Show, that $(c_0, \|\cdot \|_\infty)$ with $c_0:=\{f:\mathbb{N}\to\mathbb{C}\colon \lim_{n\to\infty} f(n)=0\}$ is a banach-space.
I already showed, that $(c_0, \|\cdot \|_\infty)$ is a normed vectorspace. I am struggeling to show, that every cauchy-sequence converges.

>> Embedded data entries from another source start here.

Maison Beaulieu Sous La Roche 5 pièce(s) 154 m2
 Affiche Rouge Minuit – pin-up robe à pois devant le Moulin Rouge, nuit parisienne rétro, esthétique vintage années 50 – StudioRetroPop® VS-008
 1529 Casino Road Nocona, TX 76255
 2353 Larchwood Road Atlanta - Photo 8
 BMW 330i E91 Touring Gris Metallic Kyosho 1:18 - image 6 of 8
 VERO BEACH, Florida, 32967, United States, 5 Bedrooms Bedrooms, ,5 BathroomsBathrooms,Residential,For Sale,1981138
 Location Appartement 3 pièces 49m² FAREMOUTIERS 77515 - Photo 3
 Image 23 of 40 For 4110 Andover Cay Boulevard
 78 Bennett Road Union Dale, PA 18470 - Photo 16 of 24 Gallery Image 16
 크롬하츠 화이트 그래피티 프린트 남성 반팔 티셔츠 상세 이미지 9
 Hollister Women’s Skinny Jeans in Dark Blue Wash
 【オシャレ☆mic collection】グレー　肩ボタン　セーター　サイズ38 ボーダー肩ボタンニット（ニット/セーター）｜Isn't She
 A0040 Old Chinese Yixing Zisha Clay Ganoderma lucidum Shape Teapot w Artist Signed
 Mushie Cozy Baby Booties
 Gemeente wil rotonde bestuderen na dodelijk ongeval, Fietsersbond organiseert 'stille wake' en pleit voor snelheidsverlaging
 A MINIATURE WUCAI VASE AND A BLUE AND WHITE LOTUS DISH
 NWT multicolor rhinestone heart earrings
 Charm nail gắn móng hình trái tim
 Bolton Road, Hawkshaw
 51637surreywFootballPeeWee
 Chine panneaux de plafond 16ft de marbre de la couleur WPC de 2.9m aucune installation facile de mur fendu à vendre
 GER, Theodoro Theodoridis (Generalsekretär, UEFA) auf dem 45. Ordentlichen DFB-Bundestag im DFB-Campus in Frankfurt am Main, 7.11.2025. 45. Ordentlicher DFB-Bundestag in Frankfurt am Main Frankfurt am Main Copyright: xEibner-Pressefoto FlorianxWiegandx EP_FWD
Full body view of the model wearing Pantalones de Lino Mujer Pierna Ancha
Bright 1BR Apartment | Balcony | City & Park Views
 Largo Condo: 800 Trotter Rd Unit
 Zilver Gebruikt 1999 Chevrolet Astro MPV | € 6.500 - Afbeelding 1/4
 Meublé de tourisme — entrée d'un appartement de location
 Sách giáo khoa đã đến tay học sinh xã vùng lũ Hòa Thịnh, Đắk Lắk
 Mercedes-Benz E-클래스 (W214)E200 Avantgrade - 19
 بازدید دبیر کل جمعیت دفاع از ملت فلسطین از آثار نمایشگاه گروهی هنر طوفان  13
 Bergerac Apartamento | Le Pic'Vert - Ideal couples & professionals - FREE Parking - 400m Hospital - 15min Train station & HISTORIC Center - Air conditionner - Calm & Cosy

Let $(f_k)_k\in c_0$ be a cauchy-sequence. I have to find a limit $f\in c_0$. Hence $\|f_k-f\|<\varepsilon$ for every $\varepsilon>0$
$(f_k)\in c_0$ means, that $\lim_{n\to\infty} f_k(n)=0$ for every $k\in\mathbb{N}$. Therefore there is an $N_k(\varepsilon)\in N$ such that for every $n>N(\varepsilon)$ we have $|f_k(n)|<\varepsilon$, for every $k\in\mathbb{N}$
I want to show, that $0$ is a limit of $(f_k)$. Since $(f_k)$ is a cauchy sequence we have $\|f_k(m)-f_k(m')\|_\infty<\varepsilon$ for every $m,m'>N$ and $f_k(m), f_k(m')\to 0$. Hence $|f_k(m)|<\varepsilon/2$ for every $m>N_m(\epsilon)$ and $|f_k(m')|<\varepsilon/2$ for every $m'>N_m'(\epsilon)$. Now we choose $N(\varepsilon)=\max\{N_m(\varepsilon), N_m'(\varepsilon)\}$
We proceed:
$\|f_k(m)-f_k(m')\|_\infty\leq \|f_k(m)\|_\infty+\|f_k(m'\|_\infty\\=\sup_{n\geq m}|f_k(m)|+\sup_{n\geq m'}|f_k(m')|\leq \varepsilon/2+\varepsilon/2=\varepsilon$
I doubt that this is right. Can you help me out? Is this at least a try in the right direction? Thanks in advance.